SOURCE RECORDS: Begin

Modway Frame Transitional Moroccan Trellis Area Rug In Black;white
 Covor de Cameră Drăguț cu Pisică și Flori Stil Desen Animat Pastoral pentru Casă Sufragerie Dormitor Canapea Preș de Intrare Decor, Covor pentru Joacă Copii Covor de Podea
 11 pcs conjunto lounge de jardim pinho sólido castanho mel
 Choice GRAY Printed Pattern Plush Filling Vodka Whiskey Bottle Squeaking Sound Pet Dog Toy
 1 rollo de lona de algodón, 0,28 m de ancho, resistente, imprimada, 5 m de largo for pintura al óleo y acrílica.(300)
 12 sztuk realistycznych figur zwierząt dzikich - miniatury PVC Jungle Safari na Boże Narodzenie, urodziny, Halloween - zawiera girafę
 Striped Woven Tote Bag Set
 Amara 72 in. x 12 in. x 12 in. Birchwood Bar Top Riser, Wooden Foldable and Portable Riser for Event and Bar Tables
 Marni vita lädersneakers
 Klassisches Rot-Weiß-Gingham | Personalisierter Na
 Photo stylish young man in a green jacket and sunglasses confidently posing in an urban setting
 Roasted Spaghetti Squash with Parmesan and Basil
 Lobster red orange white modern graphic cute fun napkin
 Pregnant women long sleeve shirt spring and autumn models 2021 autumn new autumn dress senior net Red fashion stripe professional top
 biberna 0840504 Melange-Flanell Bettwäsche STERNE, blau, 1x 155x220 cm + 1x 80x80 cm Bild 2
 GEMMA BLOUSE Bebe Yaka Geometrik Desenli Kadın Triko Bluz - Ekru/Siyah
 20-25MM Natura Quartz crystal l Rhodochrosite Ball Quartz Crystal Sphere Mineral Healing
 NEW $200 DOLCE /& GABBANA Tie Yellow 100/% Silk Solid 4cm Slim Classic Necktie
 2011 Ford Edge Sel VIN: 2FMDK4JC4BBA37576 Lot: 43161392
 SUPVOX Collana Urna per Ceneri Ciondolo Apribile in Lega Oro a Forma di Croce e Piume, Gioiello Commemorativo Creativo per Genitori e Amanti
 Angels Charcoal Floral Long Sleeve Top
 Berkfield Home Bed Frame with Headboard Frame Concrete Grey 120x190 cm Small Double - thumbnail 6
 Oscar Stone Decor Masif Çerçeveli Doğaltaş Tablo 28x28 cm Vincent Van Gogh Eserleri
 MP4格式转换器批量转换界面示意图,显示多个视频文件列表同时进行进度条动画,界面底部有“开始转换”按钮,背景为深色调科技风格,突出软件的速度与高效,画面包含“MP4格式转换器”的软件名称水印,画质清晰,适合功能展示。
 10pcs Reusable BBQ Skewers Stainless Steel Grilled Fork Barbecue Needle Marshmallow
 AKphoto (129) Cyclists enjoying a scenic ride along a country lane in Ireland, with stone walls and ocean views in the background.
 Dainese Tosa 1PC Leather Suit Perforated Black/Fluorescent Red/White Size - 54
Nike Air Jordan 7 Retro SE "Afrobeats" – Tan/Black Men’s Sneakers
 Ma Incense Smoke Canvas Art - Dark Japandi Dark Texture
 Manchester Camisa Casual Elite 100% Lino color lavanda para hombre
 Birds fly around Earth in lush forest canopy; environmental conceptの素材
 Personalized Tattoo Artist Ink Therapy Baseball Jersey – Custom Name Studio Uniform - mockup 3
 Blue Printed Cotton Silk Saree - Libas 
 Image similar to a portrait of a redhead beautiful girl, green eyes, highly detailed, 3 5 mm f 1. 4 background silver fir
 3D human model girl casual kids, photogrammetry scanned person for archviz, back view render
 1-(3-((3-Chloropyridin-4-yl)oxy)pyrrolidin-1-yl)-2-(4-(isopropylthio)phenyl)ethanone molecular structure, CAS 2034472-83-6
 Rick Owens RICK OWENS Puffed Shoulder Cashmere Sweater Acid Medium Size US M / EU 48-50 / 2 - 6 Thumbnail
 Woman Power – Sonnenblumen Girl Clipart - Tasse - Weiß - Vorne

SOURCE RECORDS: End

◆ PROBLEM REQUIREMENTS ◆
Copy the records above exactly, please, but only from the first line through the line containing "biberna 0840504 Melange-Flanell".

◆ OUTPUT OF THE EXERCISE ◆
Modway Frame Transitional Moroccan Trellis Area Rug In Black;white
 Covor de Cameră Drăguț cu Pisică și Flori Stil Desen Animat Pastoral pentru Casă Sufragerie Dormitor Canapea Preș de Intrare Decor, Covor pentru Joacă Copii Covor de Podea
 11 pcs conjunto lounge de jardim pinho sólido castanho mel
 Choice GRAY Printed Pattern Plush Filling Vodka Whiskey Bottle Squeaking Sound Pet Dog Toy
 1 rollo de lona de algodón, 0,28 m de ancho, resistente, imprimada, 5 m de largo for pintura al óleo y acrílica.(300)
 12 sztuk realistycznych figur zwierząt dzikich - miniatury PVC Jungle Safari na Boże Narodzenie, urodziny, Halloween - zawiera girafę
 Striped Woven Tote Bag Set
 Amara 72 in. x 12 in. x 12 in. Birchwood Bar Top Riser, Wooden Foldable and Portable Riser for Event and Bar Tables
 Marni vita lädersneakers
 Klassisches Rot-Weiß-Gingham | Personalisierter Na
 Photo stylish young man in a green jacket and sunglasses confidently posing in an urban setting
 Roasted Spaghetti Squash with Parmesan and Basil
 Lobster red orange white modern graphic cute fun napkin
 Pregnant women long sleeve shirt spring and autumn models 2021 autumn new autumn dress senior net Red fashion stripe professional top
 biberna 0840504 Melange-Flanell Bettwäsche STERNE, blau, 1x 155x220 cm + 1x 80x80 cm Bild 2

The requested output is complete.